I have polled this question on numerous webinars I have conducted over the past year. The results consistently showed the majority of organizations have yet to perform HTTPS inspection as part of their defense strategy. With HTTPS on the rise, accounting for nearly two-third of your organization’s internet traffic today, hackers have expanded their craft to use the protocol to obfuscate their attacks and malware from security systems. Your timely response to this new threat could mean the difference between experiencing a material breach versus successfully averting one. Of course, the latter would be desirable. So, should you have the slightest doubt about your organization’s security posture to deal with encrypted threats, I want you to immediately pause and resume reading this post after you have spoken to your IT security leaders. I’d like you to raise your concerns about the potential millions of intrusions and tens of thousands of malware attacks launched against your organization each and every hour – many of which are likely new versions of ransomware delivered inside of HTTPS sessions. If the firewall is not inspecting this traffic, it would not have the ability to understand what is inside that traffic – whether a file is benign or malicious, credit cards being stolen or financial and health records were being shared with an external system. I hope you return to this blog with a sigh of relief that your organization is not among the majority of respondents that do not.

You got the good news that your organization is inspecting HTTPS traffic. The next logical question is:

“Has your organization experienced frequent network service disruptions or downtime as a result of a total collapse of your firewall performance when inspecting HTTPS traffic?”

Inspecting encrypted traffic is not without its set of big challenges. There are two key components of HTTPS inspection that severely impact firewall performance – establishing a secure connection and decrypting and later re-encrypting packets for secured data exchange. Unlike inspecting internet traffic in plain text, encrypted traffic introduces six additional compute processes that must occur before data is sent back and forth between a client’s browser and the web server over an HTTPS connection. Each process is highly complex and compute-intensive. Most firewall designs today don’t provide the right combination of inspection technology and hardware processing power to handle HTTPS traffic efficiently. They often collapses under the load and subsequently disrupt business-critical operations. According to NSS Labs, the performance penalty on a firewall when HTTPS inspection is enabled can be as high as 81 percent. In other words, your firewall performance is degraded to a level that it is no longer usable.

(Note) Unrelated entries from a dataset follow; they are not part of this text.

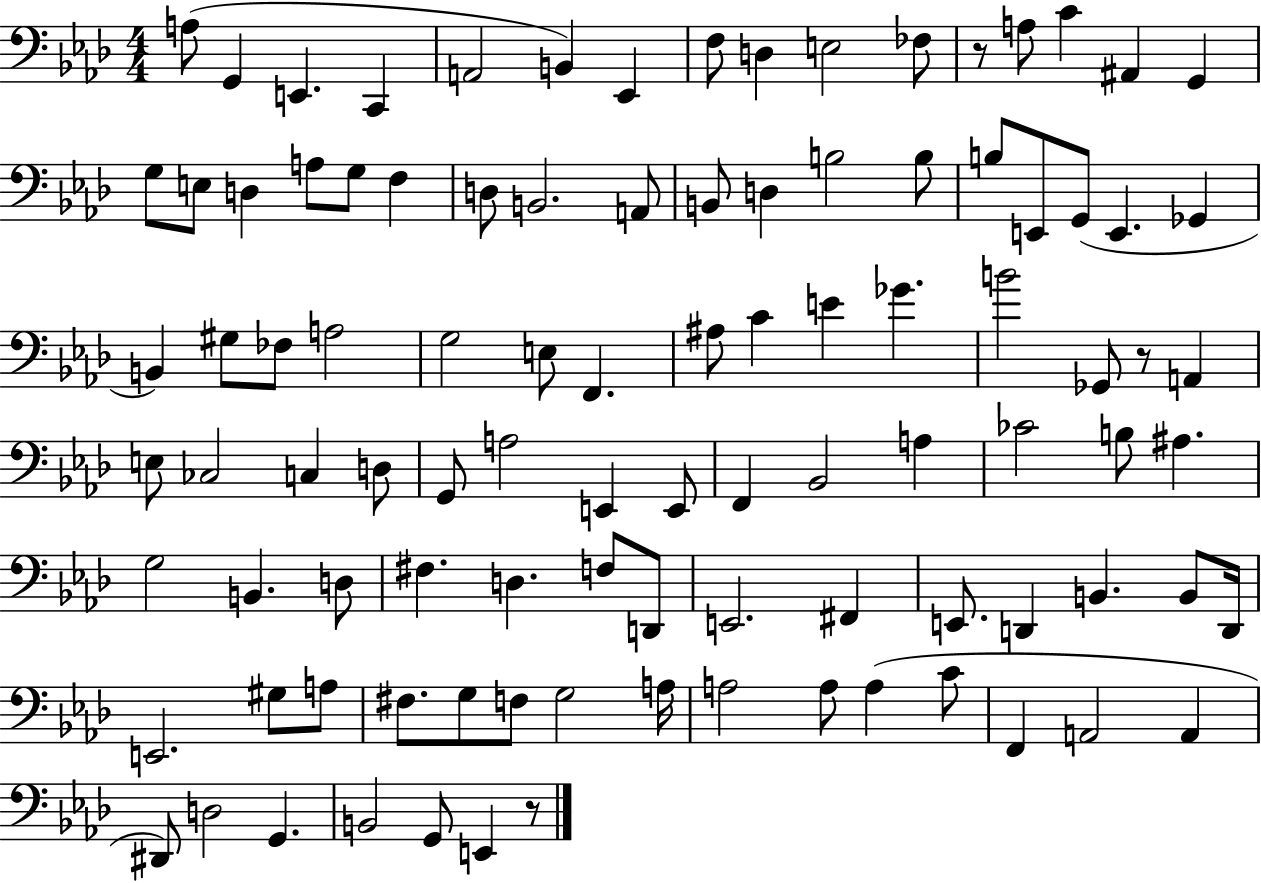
A3/e G2/q E2/q. C2/q A2/h B2/q Eb2/q F3/e D3/q E3/h FES3/e R/e A3/e C4/q A#2/q G2/q G3/e E3/e D3/q A3/e G3/e F3/q D3/e B2/h. A2/e B2/e D3/q B3/h B3/e B3/e E2/e G2/e E2/q. Gb2/q B2/q G#3/e FES3/e A3/h G3/h E3/e F2/q. A#3/e C4/q E4/q Gb4/q. B4/h Gb2/e R/e A2/q E3/e CES3/h C3/q D3/e G2/e A3/h E2/q E2/e F2/q Bb2/h A3/q CES4/h B3/e A#3/q. G3/h B2/q. D3/e F#3/q. D3/q. F3/e D2/e E2/h. F#2/q E2/e. D2/q B2/q. B2/e D2/s E2/h. G#3/e A3/e F#3/e. G3/e F3/e G3/h A3/s A3/h A3/e A3/q C4/e F2/q A2/h A2/q D#2/e D3/h G2/q. B2/h G2/e E2/q R/e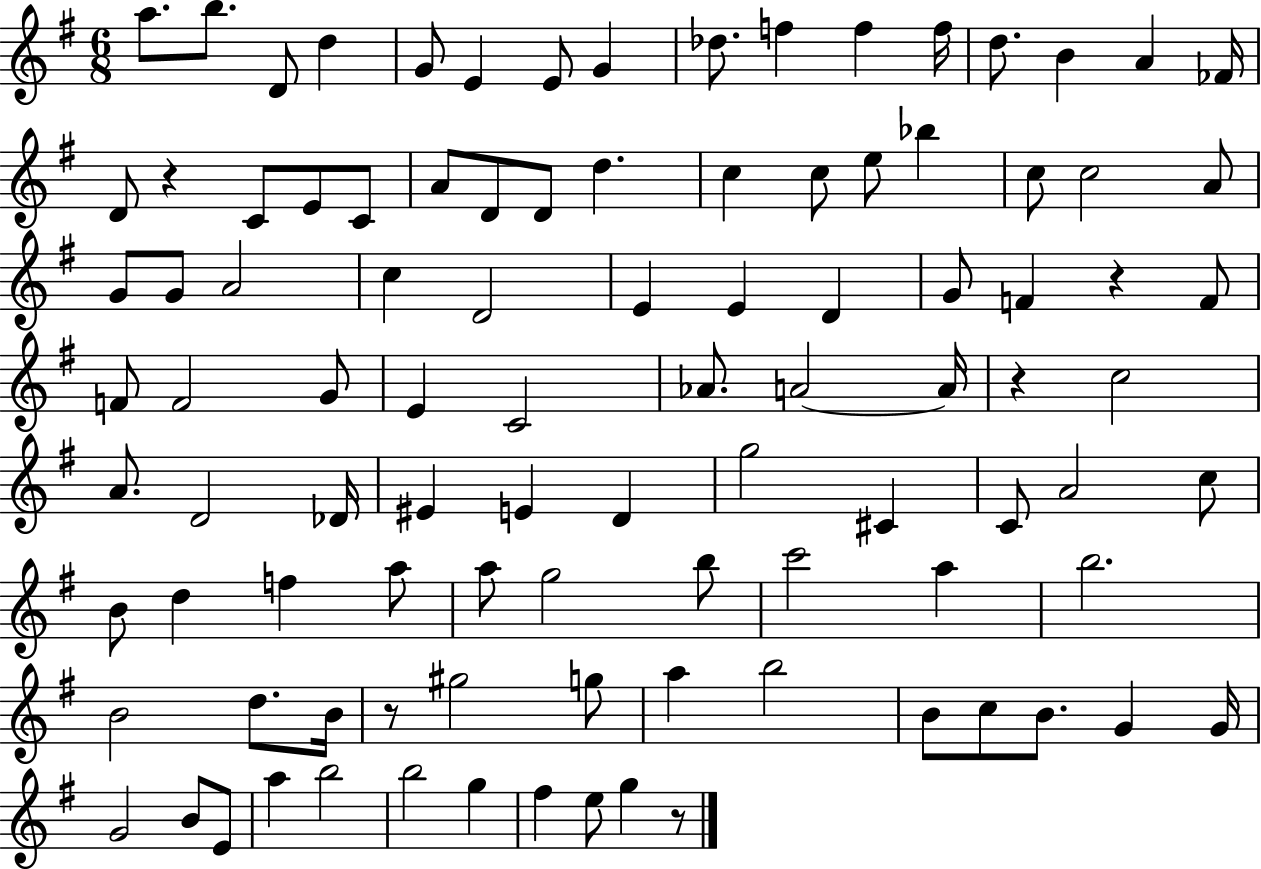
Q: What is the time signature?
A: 6/8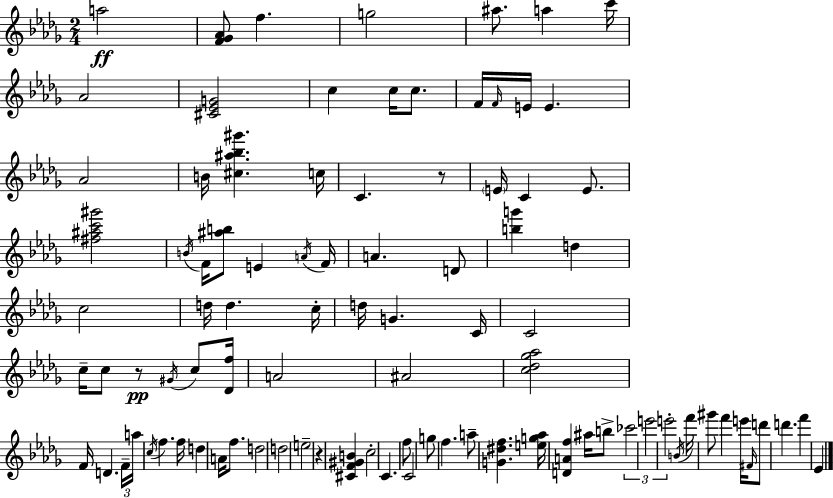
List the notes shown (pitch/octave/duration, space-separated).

A5/h [F4,Gb4,Ab4]/e F5/q. G5/h A#5/e. A5/q C6/s Ab4/h [C#4,Eb4,G4]/h C5/q C5/s C5/e. F4/s F4/s E4/s E4/q. Ab4/h B4/s [C#5,A#5,Bb5,G#6]/q. C5/s C4/q. R/e E4/s C4/q E4/e. [F#5,A#5,C6,G#6]/h B4/s F4/s [A#5,B5]/e E4/q A4/s F4/s A4/q. D4/e [B5,G6]/q D5/q C5/h D5/s D5/q. C5/s D5/s G4/q. C4/s C4/h C5/s C5/e R/e G#4/s C5/e [Db4,F5]/s A4/h A#4/h [C5,Db5,Gb5,Ab5]/h F4/s D4/q. F4/s A5/s C5/s F5/q. F5/s D5/q A4/s F5/e. D5/h D5/h E5/h R/q [C#4,F4,G#4,B4]/q C5/h C4/q. F5/e C4/h G5/e F5/q. A5/e [G4,D#5,F5]/q. [E5,G5,Ab5]/s [D4,A4,F5]/q A#5/s B5/e CES6/h E6/h E6/h B4/s F6/s G#6/e F6/q E6/s F#4/s D6/e D6/q. F6/q Eb4/q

This leads us to the final and most important question:

“How can you scale firewall protection to prevent performance degradation, lag and latency of your network when inspecting HTTPS traffic?”

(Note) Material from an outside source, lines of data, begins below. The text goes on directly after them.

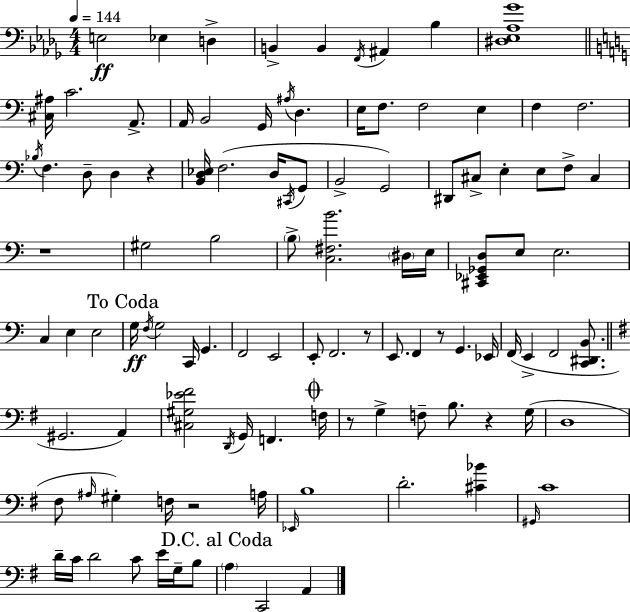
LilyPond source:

{
  \clef bass
  \numericTimeSignature
  \time 4/4
  \key bes \minor
  \tempo 4 = 144
  e2\ff ees4 d4-> | b,4-> b,4 \acciaccatura { f,16 } ais,4 bes4 | <dis ees aes ges'>1 | \bar "||" \break \key c \major <cis ais>16 c'2. a,8.-> | a,16 b,2 g,16 \acciaccatura { ais16 } d4. | e16 f8. f2 e4 | f4 f2. | \break \acciaccatura { bes16 } f4. d8-- d4 r4 | <b, d ees>16 f2.( d16 | \acciaccatura { cis,16 } g,8 b,2-> g,2) | dis,8 cis8-> e4-. e8 f8-> cis4 | \break r1 | gis2 b2 | \parenthesize b8-> <c fis b'>2. | \parenthesize dis16 e16 <cis, ees, ges, d>8 e8 e2. | \break c4 e4 e2 | \mark "To Coda" g16\ff \acciaccatura { f16 } g2 c,16 g,4. | f,2 e,2 | e,8-. f,2. | \break r8 e,8. f,4 r8 g,4. | ees,16 f,16( e,4-> f,2 | <c, dis, b,>8. \bar "||" \break \key g \major gis,2. a,4) | <cis gis ees' fis'>2 \acciaccatura { d,16 } g,16 f,4. | \mark \markup { \musicglyph "scripts.coda" } f16 r8 g4-> f8-- b8. r4 | g16( d1 | \break fis8 \grace { ais16 } gis4-.) f16 r2 | a16 \grace { ees,16 } b1 | d'2.-. <cis' bes'>4 | \grace { gis,16 } c'1 | \break d'16-- c'16 d'2 c'8 | e'16 g16-- b8 \mark "D.C. al Coda" \parenthesize a4 c,2 | a,4 \bar "|."
}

The right answer begins with the right inspection architecture as the foundation. Most modern firewalls today have deep packet inspection (DPI) capability claiming to solve many of the above security and performance challenges. However, not all firewalls perform equally or as advertised in the real world. In fact, many of them have inherent design inefficiencies that reduce their ability to handle today’s massive shift towards an all-encrypted Internet. You have one of two choices when it comes to inspection technology. These are Reassembly-Free Deep Packet Inspection (RFDPI) and Packet Assembly-based. Each uses different inspection method to scan and analyze data packets as they pass the firewall. You will quickly discover the performance of most firewalls will collapse under heavy HTTPS load. To avoid a post-deployment surprise, my recommendation is to do your due diligence. Thoroughly qualify and measure all firewalls under consideration and select one that meets both your desire level of performance and security effectiveness without hidden limitations. These are fundamental metrics that you want to heavily scrutinize when selecting a firewall to perform HTTPS inspection. Establishing the right firewall foundation will give you the agility to scale your security layer and solve the performance burden of inspecting HTTPS traffic inside your data center operations.

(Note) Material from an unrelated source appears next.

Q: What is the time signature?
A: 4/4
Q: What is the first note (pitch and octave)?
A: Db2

Uncovering evasive threats hiding inside encrypted network traffic is central to the success of your network defense. For more detail information, read our Executive Brief titled, “The Dark Side of Encryption – Why your network security needs to decrypt traffic to stop hidden threats.”

Ransomware Can Cost You Millions; Is Your Network Secure?

Recently it was reported that in April 2016 an employee at Michigan-based utility company BWL opened an email and clicked on a malicious attachment laden with ransomware. The result? It shut down accounting and email systems as well as phone lines, which lead to a costly and laborious week of recovery.

The cost? $2.4 million.

Let That Sink in for a Second.

In a separate case, the $800K ransom heaped upon the City of Detroit by hackers in 2014 served as an anecdotal warning of the potential for this class of malware.  But in the BWL case, only $25K was actually paid to the attackers with 99 percent of the costs related to technology upgrades and people responding to the attack.  To save you on the mental math, the actual ransom was about 1 percent of the total costs. This could be the setting for a modern proverb based on For Want of a Nail.  The silver lining is the improvement of the utility’s security and the overhaul of its IT communication policy.

What Does This Teach Us?

For all the talk of cost of the ransoms levied upon victims, the impact is much greater.  In this example, it cost the organization in lost business, impact to the customer experience, and even more on the human resources side. It also serves as a poster child for ineffective spam management and phishing prevention.  Ultimately this problem is happening around the world and despite the best intentions at stopping ransomware, it still persists.

What Do You Do If You Are Hit?

First of all, don’t panic.  By default, you need to consider not paying the ransom and find a way to restore systems and data without giving in.  Otherwise, it’s like feeding a feral cat; hackers will be found on your doorstep the next day. Simultaneously, you need to restore systems, discover the point of origin, and stop follow-on attacks.  This is where the backup and security stories combine.

In the case of BWL, it took a lot of human resources and two weeks’ worth of time, most likely because the utility was not prepared for this type of attack.  In your case, find the point of origin and restore a backup from before that event.

But What About Stopping Follow on Attacks?

Before the Firewall

I would like to say that out there is a single solution that will solve this but that isn’t completely true.  In short, the answer is education, security and backup.  The first thing to do is to build the human firewall; teach your employees not to click on attachments or links in suspicious emails, especially if you deal with payments.  This is just the first step; a recent Barkly study stated that in their data set, 33 percent of ransomware victims had already undergone security awareness training.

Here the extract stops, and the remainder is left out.